■ Exercise ■
For this item, repeat the material exactly while omitting its pictures.

:: Information shown ::

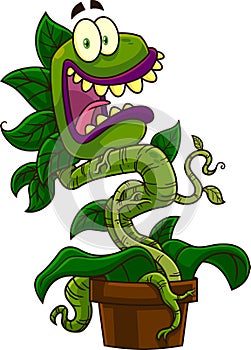 Scared Evil Carnivorous Plant Cartoon Character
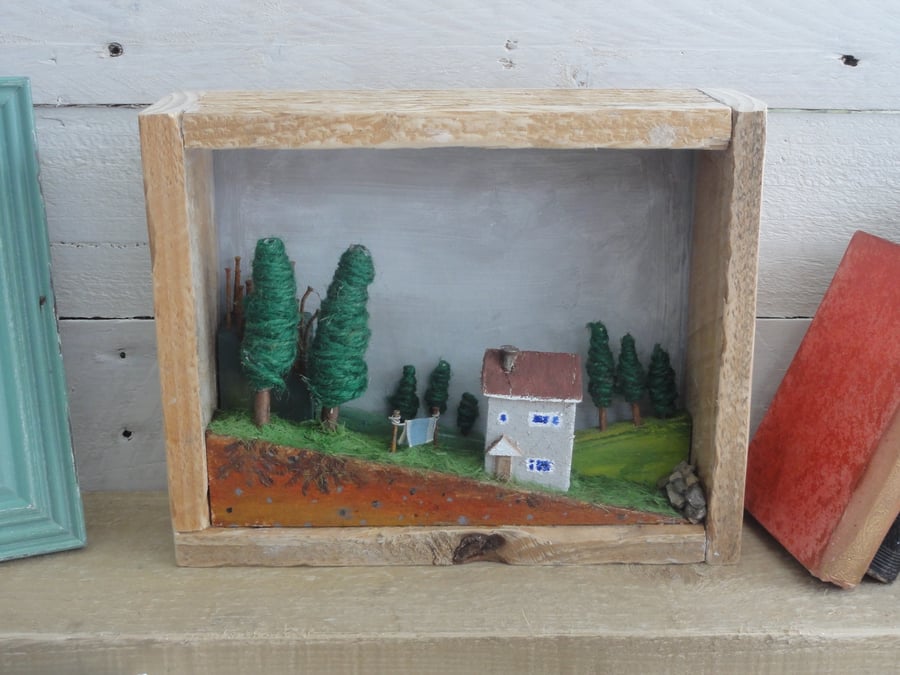 House on the hill - crafted landscape diorama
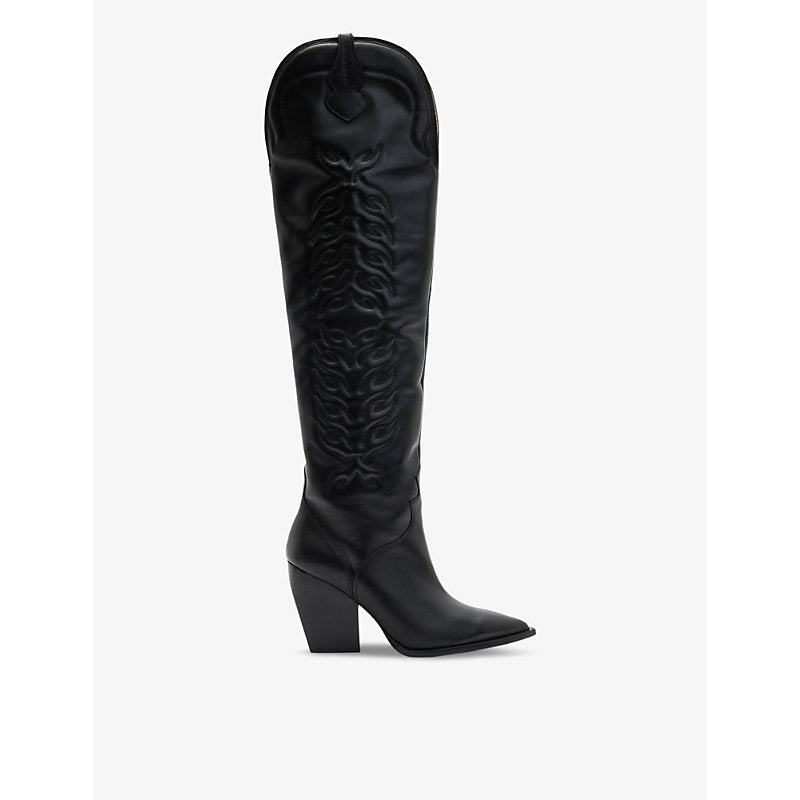 Allsaints Roxanne Western leather knee-high boots | Allsaints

:::

■ Solution to this problem ■
 Scared Evil Carnivorous Plant Cartoon Character
 House on the hill - crafted landscape diorama
 Allsaints Roxanne Western leather knee-high boots | Allsaints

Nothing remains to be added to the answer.